There are plenty of string types out there coated in various difficult-to-pronounce materials. But are they actually any good? Guitar Planet went to investigate.

Thursday, 7. June 2012  -  by  Russ Thorne

Modern string coatings sound more like items Spiderman would pack in his work bag. Nanoweb. Polyweb. Fibreflex. They're all currently in use by different manufacturers, and strings wrapped in them all cost a little more than standard sets, so the question is: are they worth that extra cost?

The Good

Regardless of neologistic sci-fi names, coatings are basically there to protect the strings. As one guitar tech we spoke to put it, they're like the waterproofing spray used to treat technical outdoor clothing – they keep your corrosive sweat, humidity, dust and other nasties away.

The upside of all of this is that the strings last longer, because it takes longer for them to corrode and wear down. Thickness of coating (and therefore string life) varies: Elixir's polyweb coating is more sturdy than its nanoweb counterpart, for example, while Fender's dura-tone and Tanglewood's infinity sets have lighter coatings designed to bring some flexibility back to the strings while still offering a little protection.

The Bad

The flipside? Well, they might not sound as good. They'll last longer, sure, but it will be at the expense of some of the tone. How much you notice this will depend on how you like your setup, but you can expect your guitar to lose some of its treble cut and sound a little more mellow. Of course, that might be exactly what you need if it tends to be brash...

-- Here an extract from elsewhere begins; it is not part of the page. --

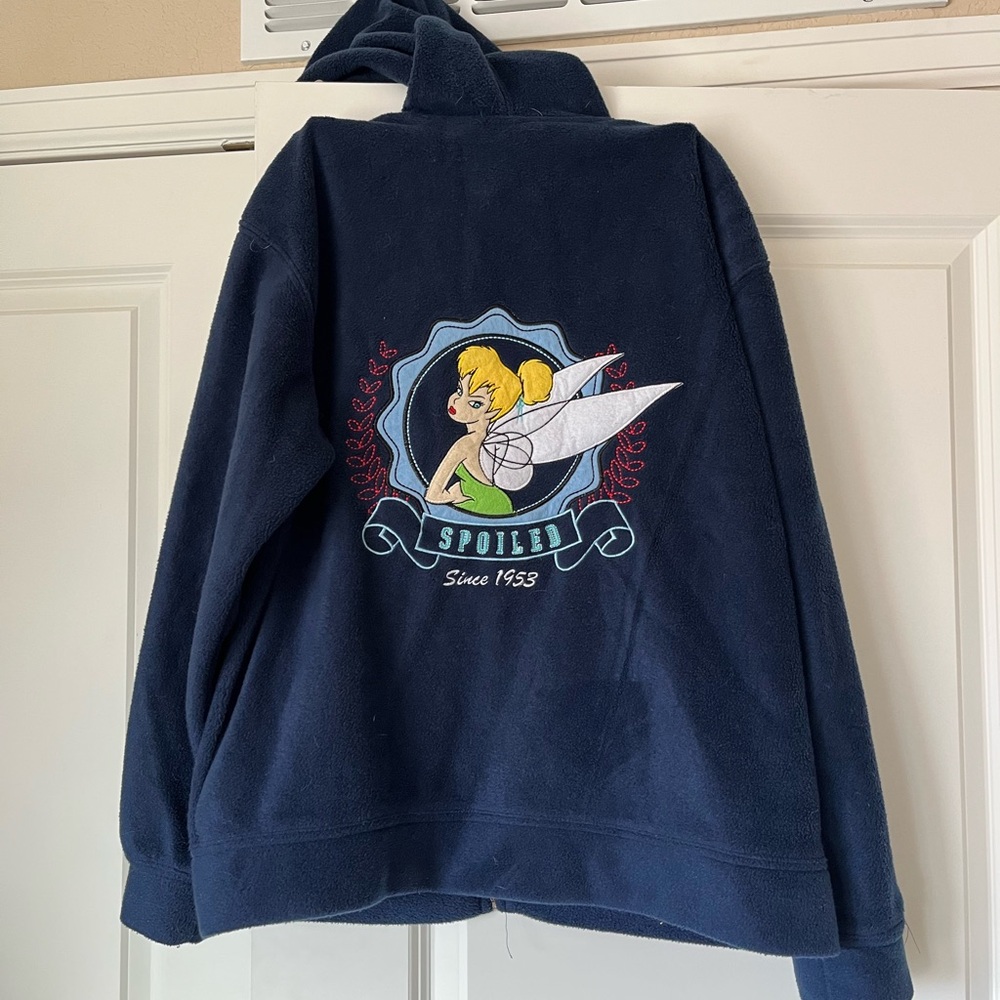 Disney Adult Small Blue “spoiled” Tinkerbell Zip-up Hooded Sweatshirt.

You'll also feel the difference. The coating creates a distinctive squidginess when you're fretting notes that might not appeal to everyone. So it's down to the individual: coated strings might be a blessing for the hard-gigging musician who wants fewer string changes over the length of a tour, for example; or for those with slightly more acidic sweat who wear through strings like they're paper.

The Crazy

But hey, let's not get too serious. Music's meant to be fun, and in that spirit coatings can also be used to dress your instrument up. Take DR strings' Neon option, which gives your threads a lovely green glow. You don't have to be a nu-rave Klaxons-aping goon to appreciate the fun factor there – again, the sound may not be as good as with other strings but the crowd will go nuts for your acoustic glow-in-the-dark version of 'Thriller' down at the open mic night. Trust us. Restring and light 'em up!